Review Summary: Yet another solid album from Carcass, and a step in the right direction after Swansong
Carcass' first album in almost two decades is an interesting release to say the least. Whereas before, the band attempted something completely fresh on every outing, 2013's Surgical Steel seems to be the culmination of everything they had done before. Instead of pioneering a new musical frontier, their new release is primarily a second run of Heartwork with some of Swansong's catchy hooks and a small amount of grind flavoring. The resulting album is a mixed bag to say the least.

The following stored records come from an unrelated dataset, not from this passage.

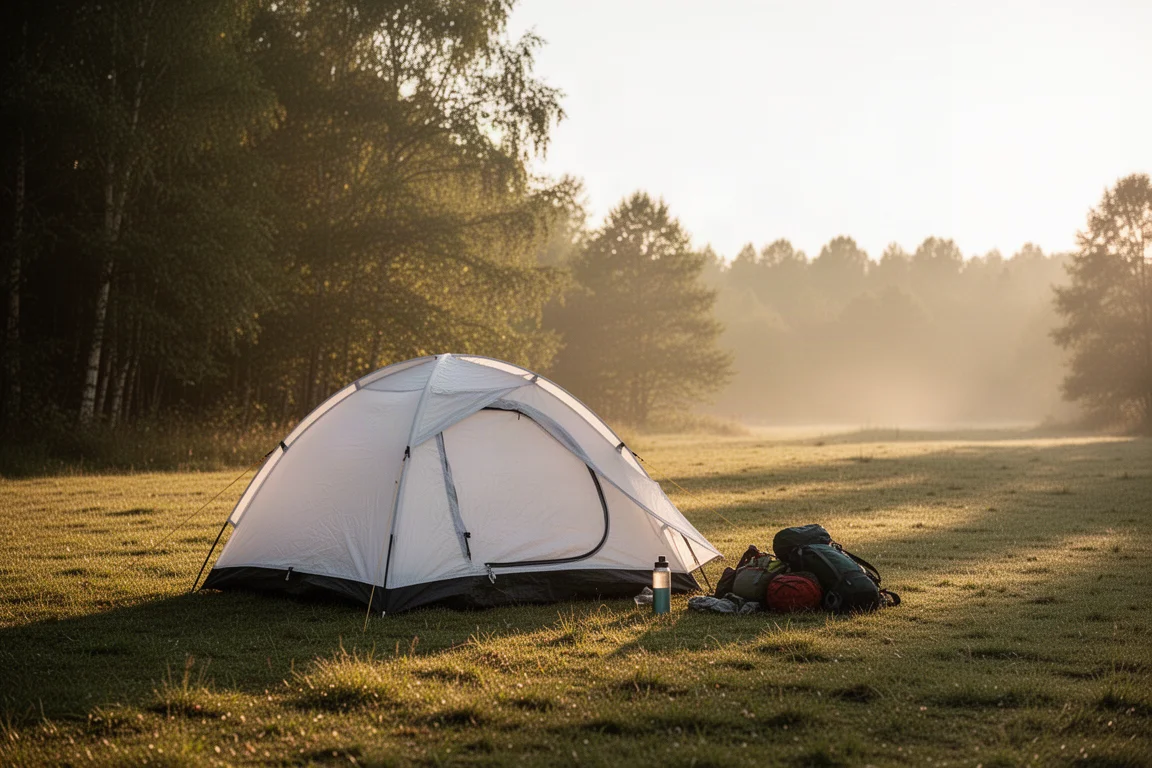 Area campeggio nell'ora d'oro con una tenda bianca montata vicino a una linea di alberi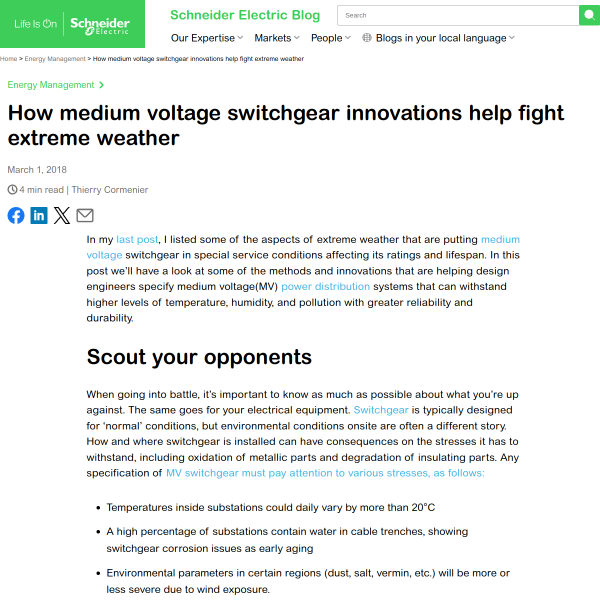 How Medium Voltage Switchgear Innovations Help Fight Extreme Weather - Schneider Electric Blog
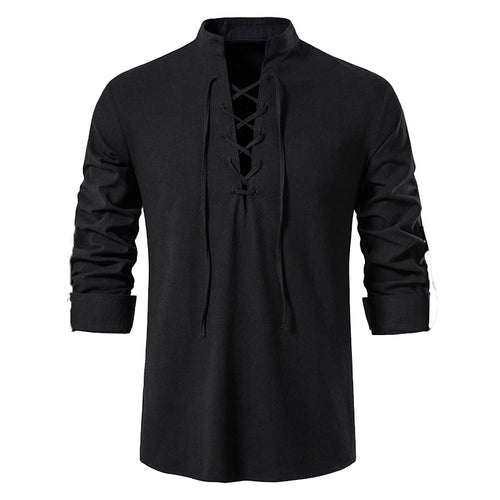 Herren lässiges Langarmshirt mit innovativer Schnürung und modernem Stehkragen Echoarchiv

Two short songs kick things off in a sketchy way, feeling rushed but still packing that signature energy that sets Carcass apart. Between them the two songs don't span six minutes, so they can quickly be forgiven and it seems as though the band merely wanted to get the sub-par songs out of the way. When reaching songs like the monumental closer Mount Of Execution and the penultimate track Captive Bolt Pistol, which stand out as two of the hardest hitting songs the band has done, things really get interesting. The closing track is one of the band's longest, reducing things to a crawling pace at times but definitely creating a dark mood. After the two short numbers that kick this album off, it is just a steam roller of an album that crushes you flat with many hard hitting songs.
Bill Steer is the lone guitarist for this album and he puts in a fantastic performance, creating some infectious rhythms and even topping any of Amott's solos with some of the later tracks here. Many of the songs sound very similar to the Heartwork album and the riffs are arguably just as creative as on that release. The vocals are a raspy shriek that many will recognize instantly and they provide a superb front for this band whilst many of the bass lines sound like what would be played as Cliff Burton entered heaven. That being said, the drumming lets this album down quite abit with some generic patterns that do little other than rumble along at a mid pace. This is the one thing that let's Surgical Steel down compared to the band's past works.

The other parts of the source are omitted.